See more pet photos at Steve Czerniak's website, wagandsnap.com. Pet accessories provided by Cocojor Dog Emporium and Spaw, Calvin & Susie, and Whole Food Market, Kailua.
Possibilities for the Pampered, Departed Pet
Oahu Pet Crematory has a wide variety of pendants that allow a deceased pet’s loved ones to carry a lock of hair or a smidgen of ashes close to their hearts. Get a cat’s ball of yarn, in sterling silver, for $195, or a 14-karat gold dog bone for $840. Cremation not included.
At Oahu’s only pet cemetery, set in a section of Valley of the Temples Memorial Park in Kaneohe, about 500 animals lie in eternal slumber beneath granite and bronze markers, which—at first glance—don’t look any different from the markers on the nearby human gravesites. A chihuahua-size plot, with burial vault, casket and a bronze marker, runs $2,390.
For those who just can’t let go, there’s always freeze drying.

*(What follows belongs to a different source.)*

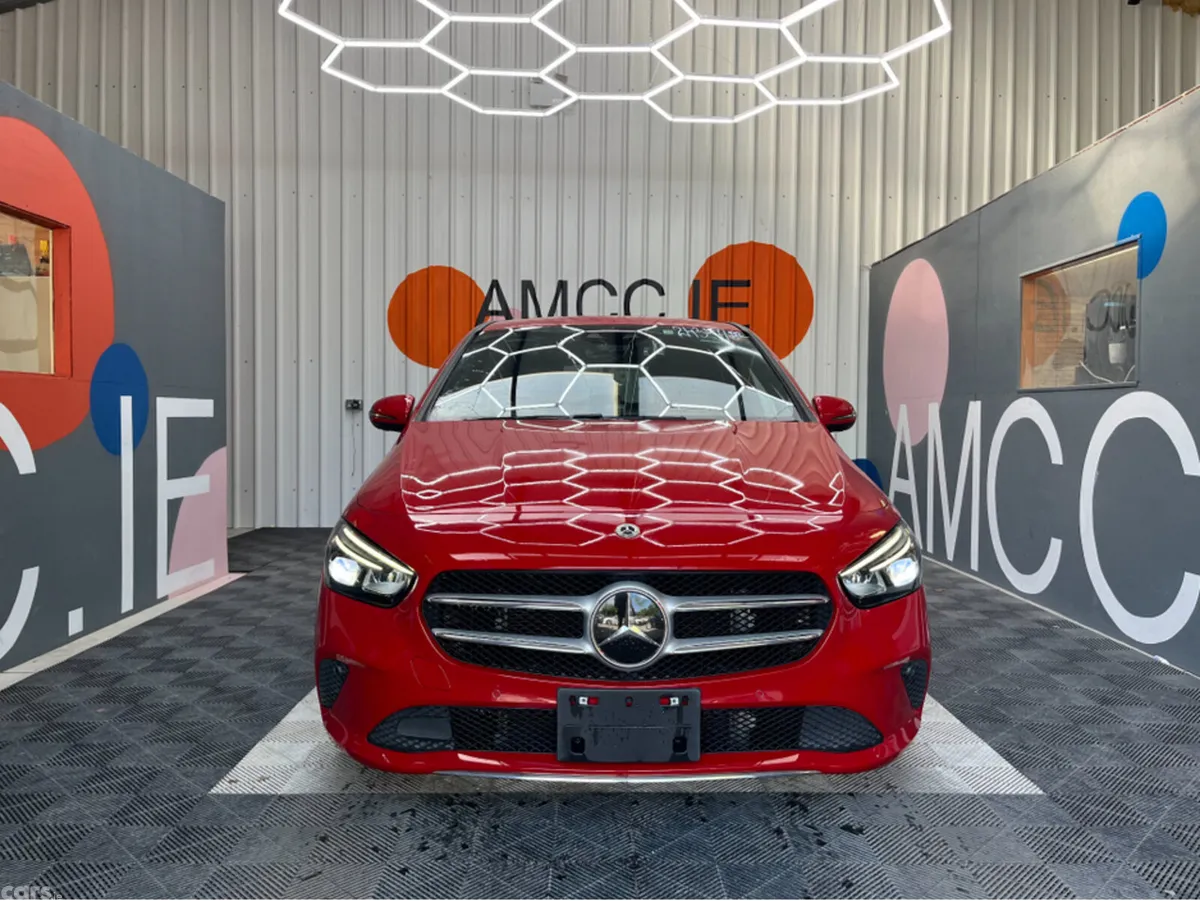 Mercedes-Benz B-Class MPV, Petrol, 2019, Red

Unlike taxidermy, which preserves the animal’s hide and discards the rest, freeze drying preserves all the non-organ parts. Freeze-dried Muffy will look pretty much the same as pre-afterlife Muffy, only more still. Frankly, you’re better off letting go. But if that’s not going to happen, Preserved Pets in Moreno Valley, Calif. (nobody in Hawaii does it) charges $250 for a bird or hamster, and $695 for a dog or cat less than five pounds, and on up from there.
preservedpets.com, (888) 298-4434.
Treat ‘em Like a Dog
Longtime Island dog trainer and former American Kennel Club judge Larry Ng, 84, talks about barking, digging and working for 1980s television series Magnum, P.I.
- Average dogs are easier to train than smart dogs. If you’ve got an average dog, you can teach him to work with you. If you have a smart dog, you always have to stay one step ahead of him. You always have to be coming up with novel things. If you get a dog that’s smarter than you, just get outside help.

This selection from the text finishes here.